- [WHAT IS REQUIRED] For this exercise, retype each line of the material below verbatim and omit any picture.

- [RECORDED DATA]

——

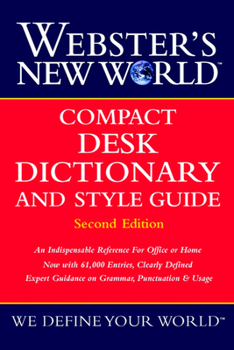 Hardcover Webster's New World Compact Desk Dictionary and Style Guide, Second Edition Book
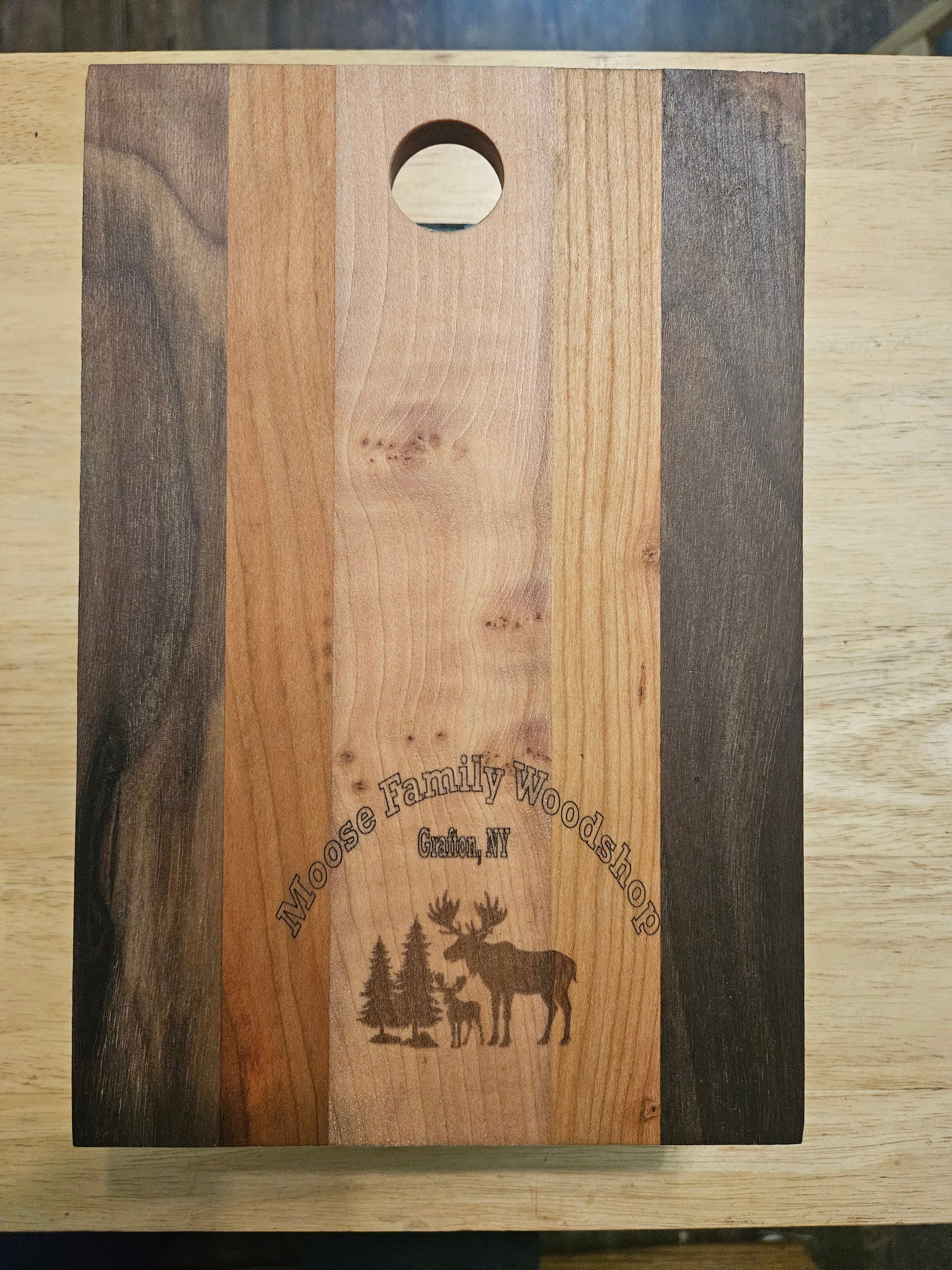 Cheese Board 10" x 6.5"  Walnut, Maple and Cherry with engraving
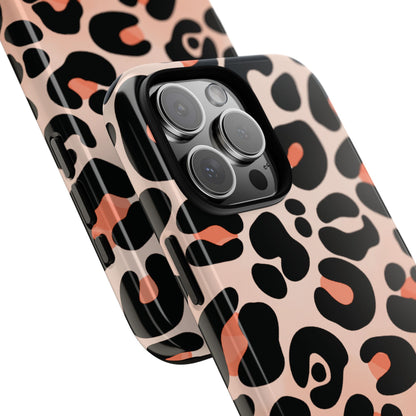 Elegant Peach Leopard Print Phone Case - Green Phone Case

——

- [WRITTEN RESPONSE]
 Hardcover Webster's New World Compact Desk Dictionary and Style Guide, Second Edition Book
 Cheese Board 10" x 6.5"  Walnut, Maple and Cherry with engraving
 Elegant Peach Leopard Print Phone Case - Green Phone Case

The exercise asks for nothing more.